J M W Turner, Hannibal and his Men crossing the Alps, 1810-1812, oil on canvas, 145 x 236 cm, Tate Gallery, London, UK
Caspar David Friedrich, Abtei im Eichwald, 1810, oil on canvas, 171 x 110 cm, Alte Nationalgalerie, Berlin, Germany
Friedrich and Turner were born within a year of each other, in 1774 & 1775.
Turner’s painting depicts the struggle of Hannibal’s soldiers to cross the Alps in 218 BC, opposed by the forces of nature and local tribes. A curving black storm cloud dominates the sky, poised to descend on the soldiers in the valley below, with an orange-yellow sun attempting to break through the clouds. A white avalanche cascades down the mountain to the right. It contains the first appearance in Turner’s work of a swirling oval vortex of wind, rain and cloud, a dynamic composition of contrasting light and dark.

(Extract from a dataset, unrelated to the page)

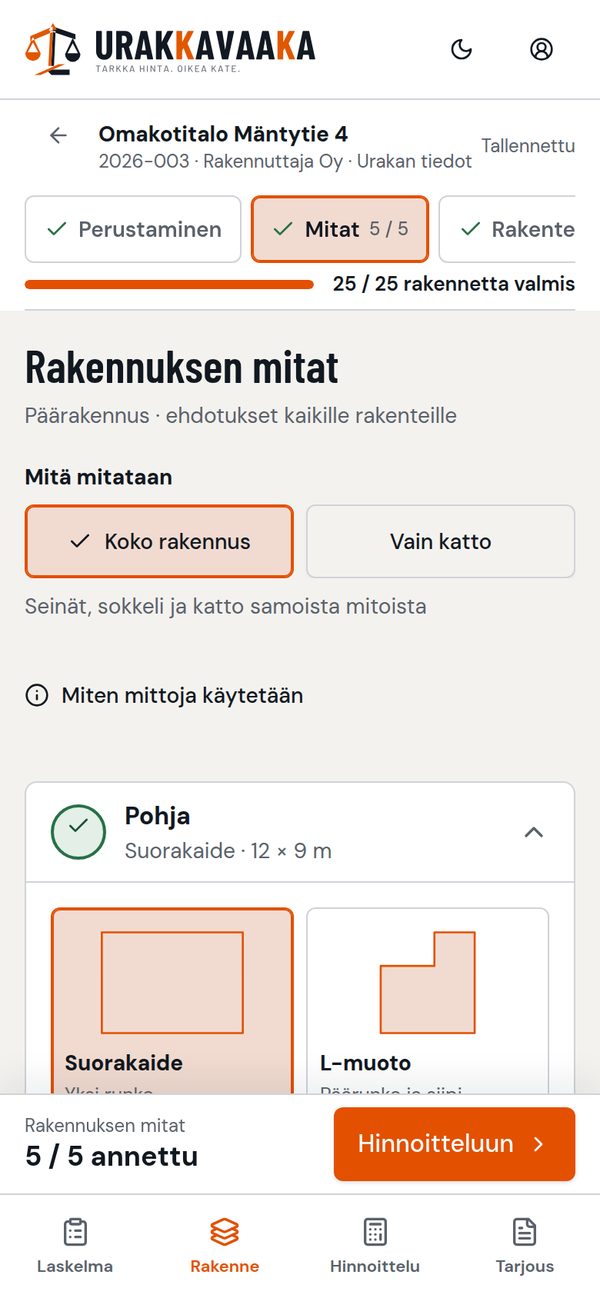 Rakennuksen mitat ryhmittäin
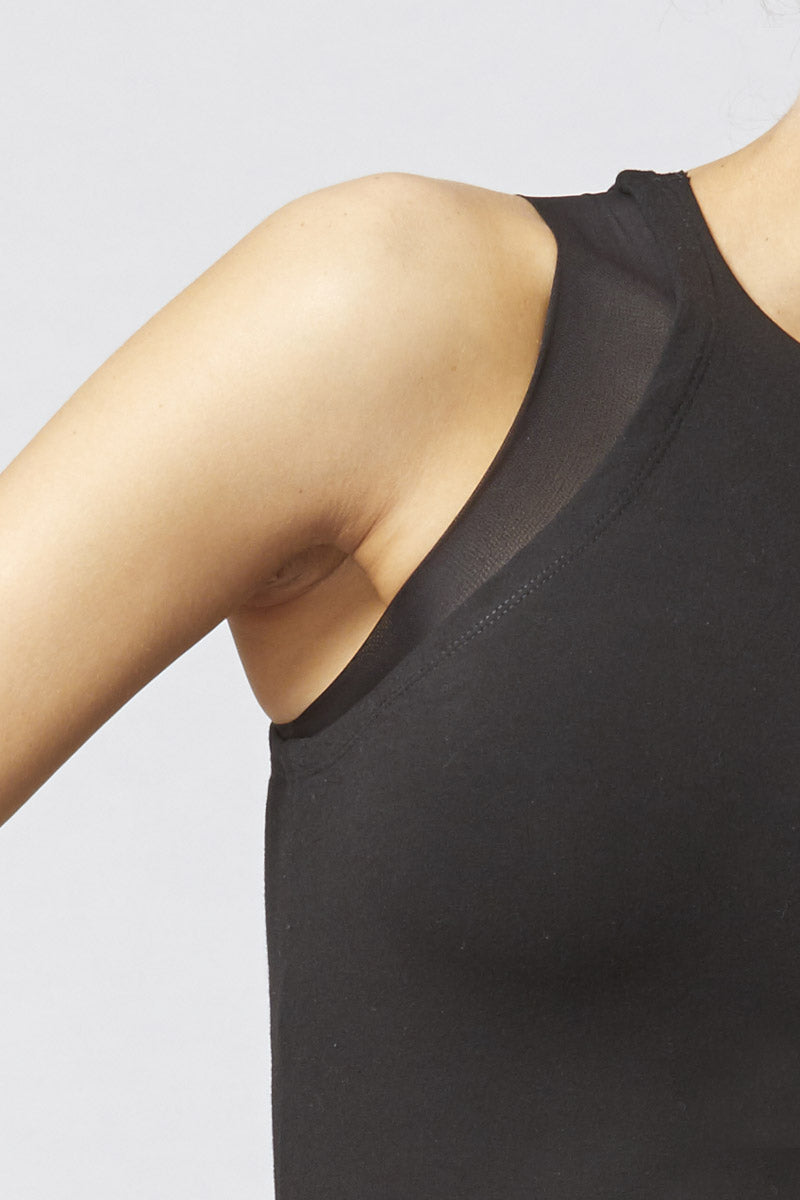 Mesh Shoulder Detail Fitted Gym Vest Black by TLC Sport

Friedrich uses the same palette to different effect: here, emotion is the key. He painted his imaginary landscapes in the studio, having made sketches of isolated objects outside.
Caspar David Friedrich, Zwei Männer in Betrachtung des Mondes, 1825-1830, oil on canvas, 35 x 44 cm, Metropolitan Museum of Art, New York, NY, USA
Friedrich placed Die Rückenfigur, the figure seen from behind, into many of his paintings. This device distances the figures from the viewer, forcing them to look beyond into nature.
Caspar David Friedrich, Die Lebensstufen, 1835, oil on canvas, 73 × 94 cm, Museum der bildenden Künste, Leipzig, Germany
Completed just five years before his death, this picture, like many of Friedrich’s works, forms a meditation both on his own mortality and on the transience of life. The painting shows an old man with his back turned to the viewer, walking towards two adults and two children on a hilltop overlooking a harbour. The figures are echoed by five ships shown in the harbour, each at a different distance from the shore, an allegorical reference to the different stages of human life, to the end of a journey, to death.
Another painting with a similar theme:
Caspar David Friedrich, Mondaufgang am Meer, 1822, oil on canvas, 55 x 71 cm, Alte Nationalgelerie, Berlin, Germany
Caspar David Friedrich, Der Mönch am Meer, 1808-1810, oil on canvas, 110 x 172 cm, Alte Nationalgalerie, Berlin, Germany
In this work, the composition is divided horizontally into land, sea, and sky with a clear simplicity that shocked Friedrich’s contemporaries. The lonely figure of a monk faces the leaden blackness of the vast sea. The main space of the picture seems like an abyss of some kind; there are no boundaries, there is nothing to hold on to, just a sense of floating between night and day, between despair and hope.
Caspar David Friedrich, Der Wanderer über dem Nebelmeer, c1817, oil on canvas, 98 x 74 cm, Kunsthalle, Hamburg, Germany
This is probably the best known of his works and is a metaphor for the journey of life into the unknown.
Caspar David Friedrich, Friedhofseingang, 1825, oil on canvas, 143 x 110 cm, Galerie Neue Meister, Dresden, Germany
Friedrich was buried in this cemetery, having fallen out of fashion, and ending his life in poverty, following a disabling stroke. Later, his work was used as a national symbol of identity by the Nazi regime, and as a result his work became unpopular.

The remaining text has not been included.